Tres años después de los ataques a las sedes de los Tres Poderes en Brasilia, nueve de los 34 imputados inicialmente se encuentran bajo arresto domiciliario, mientras que tres permanecen en situación de calle, según un informe del portal UOL.
El tribunal juzgó a cuatro de los cinco núcleos denunciados por la Procuraduría General de la República el año pasado. Solo cuatro acusados fueron encarcelados tras la conclusión del caso por parte del Supremo Tribunal Federal, entre ellos los generales retirados Augusto Heleno y Paulo Sérgio Nogueira, el excomandante de Marina Almir Garnier y el exministro de Justicia Anderson Torres.
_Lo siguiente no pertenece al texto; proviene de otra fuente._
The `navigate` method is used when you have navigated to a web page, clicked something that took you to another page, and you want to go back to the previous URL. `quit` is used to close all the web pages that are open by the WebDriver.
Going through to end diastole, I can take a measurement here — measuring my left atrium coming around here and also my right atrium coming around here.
Menos de la mitad de los 34 imputados inicialmente permanecen en régimen cerrado, ya que algunos fueron detenidos incluso antes de agotar los recursos. Uno de ellos es el expresidente Jair Bolsonaro, condenado a 27 años y tres meses de cárcel, quien intentó desmantelar su tobillera electrónica mientras se encontraba bajo encierro domiciliario en Brasilia.
Solo el proceso contra el llamado "núcleo uno" o "crucial", que involucraba a Bolsonaro, ha concluido en su totalidad. Los grupos dos, tres y cuatro se encuentran aún en fase de apelación.
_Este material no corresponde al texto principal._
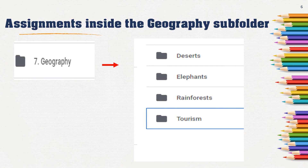Here I'm showing you that inside the geography subfolder, there are a set of folders. Each folder is for a different assignment — the deserts assignment, the elephants assignment, and so on. So it would be in here that I could set up my Indian festivals folder. Let me show you how to do this.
Mientras tanto, el Supremo Tribunal Federal tiene 346 procesos penales en fase final de investigación y 98 acusaciones ya presentadas para revisión. La sociedad brasileña vive un momento con mezcla de alivio, polarización y ansiedad, ya que el juicio, condena y prisión de Bolsonaro envió un mensaje claro: el intento de subvertir la Constitución no quedará impune.